Based on the EBI statistics,  11th December 2010, this project has associated almost 15,000 GO terms to over 2,000 proteins, 12,000 of which are to 1,400 human proteins.

Gene Ontology

The GOC recently introduced a new ontology relationship 'has_part'. These relationships are currently being displayed in QuickGO, however, this is a complex relationship and the current display can be misleading. The GOC is working on this issue and hopefully improved displays will be available in the near future.

 

Community annotation

Two UCL teams (comprised of 5 Genetics of Human Disease 2009 MSc students) took part in an annotation competition, CACAO, being run by Brenley McIntosh at Texas A&M University. The competition ran for eight weeks and students had to submit annotations and challenge the accuracy of annotations made by other competitors. We are pleased to announce that the UCL teams were awarded first and third place (out of 8 teams). Team UCL1 submitted the most annotations (over 100), however the UCL team Firefly won by submitting the most correct challenges. The BHF-UCL team would like to congratulate all teams that took part in this very challenging and competitive venture.

We are organising a second 2-day GO annotation workshop in April 2011, there are still places available so please book online if you are interested in attending.

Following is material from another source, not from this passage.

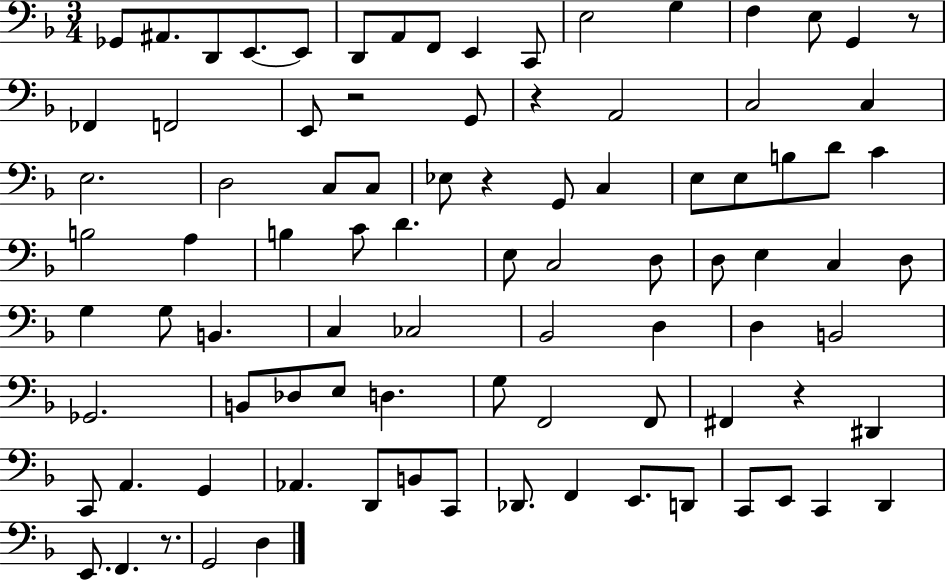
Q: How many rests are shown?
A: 6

Finally, Texas A&M University are willing to help the BHF-UCL team organise a postgraduate/staff GO annotation competition, similar to CACAO, if you are interested in taking part please contact us.

Grant applications

The provision of high quality GO annotations to human genes is a time consuming activity and many research groups are finding that interpretation of their datasets with GO-dependant software is yielding only broad GO term categories, such as cell proliferation, immune response etc. We would therefore like to offer UCL research groups the option of including a GO curator on future grant applications. For example a GO curator working 1 day a week for 1 year could annotate 50-100 genes, depending on the volume of literature available.  This would enable more effective interpretation of high-throughput datasets, as well as contributing to the GOC dataset. Please contact Ruth for more information.

Meetings attended

Ruth attended the Ontology Development and Engineering: Tutorial & Training Workshop at the EBI in October and learnt how to use the GO editorial tool OBO-Edit.

 

 

Upcoming meetings

Ruth and Varsha will be attending the Computational Biology Symposium at UCL and the GO signalling workshop at EBI in February and 'remotely' attending the GO consortium meeting in March.